We had our first clinical research journal club today. I was a little wary because last year's basic science journal club could be really frustrating. I often felt like the articles were kind of over my head. It was also very formal and sometimes kind of painful to sit through. On top of that, I couldn't help but notice that this year we have journal club for two hours per week instead of just 1.5 hours like we did before. (On a side note, I am still lamenting the loss of our free Thursdays. For the whole clinical summer block, we have two hours of class every single day. It sounds funny to complain about that when some med schools have class every day from 9-5, but it's all relative, isn't it? Luckily, we'll get our free Thursdays back once we start our next block in September.)
Anyway, today's journal club was pretty fun. First of all, we were sitting around a table where we could more or less have a group conversation instead of it being like a formal talk where one person was at the front lecturing. So it was much more informal, and that stimulated a lot more participation than last year's journal club did. Second, the papers were comprehensible and interesting, and I didn't have to google every other word to figure out what the heck they were talking about like I did last summer. And finally, our general research ethics focus for the week is the kind of topic that tends to stimulate discussion. I'm going to be leading my journal club discussion the week after next. My article is about drug-eluting stents, so I think it should be a good one because of how controversial these stents are.
This afternoon, I went with the social worker to consent another patient. She had met with seven patients yesterday while I was in the OR plus another one this morning, and all eight of them had agreed to join the study. But the one we spoke to this afternoon didn't want to participate because he didn't want to take the chance of winding up in the placebo group. He really liked the idea of getting the experimental treatment, but he said he'd only be willing to join the study if they'd guarantee that he'd be put in the experimental group.
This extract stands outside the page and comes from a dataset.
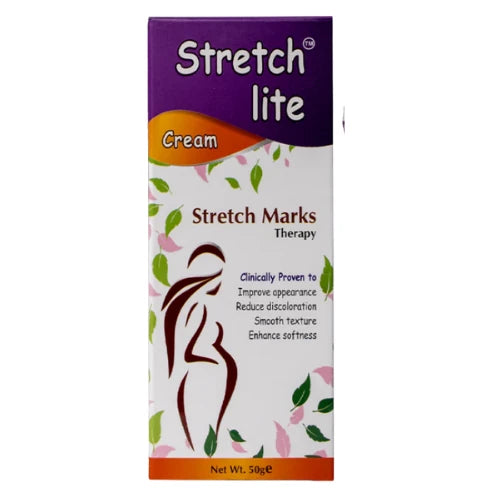 Crystolite Stretch Lite Cream 50g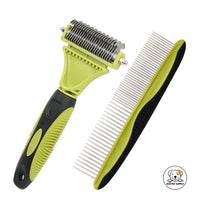 Eco Pet Supply Premium Pet Grooming Set – Professional Kit with Nail Clippers, Brushes & More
Well, that's not possible, because the trial is randomized, which means that a computer randomly picks which group each patient joins. If we started letting people join whatever group they wanted, then it wouldn't be very random! That's now three out of three patients who have turned down joing the study while I was there with the social worker to consent them. I'm already developing a reputation for jinxing her by my very presence.
This evening there was a picnic for the new first years at one of the Cleveland Metro Parks. I wasn't planning to go, but one of the first years talked me into it. I had already met several of them at school, and I met most of the rest of them at the picnic. The new class seems really diverse and cool, and it's fun having a bunch of new faces around. By the way, if any of you first years are reading this, in the near future you should definitely get your hands on a copy of the Costanzo physiology book they were raffling off at the picnic. Read the first chapter on cellular physiology now during summer block, because in October you are going to jump right into cardiopulmonary physiology without any general intro to physio whatsoever.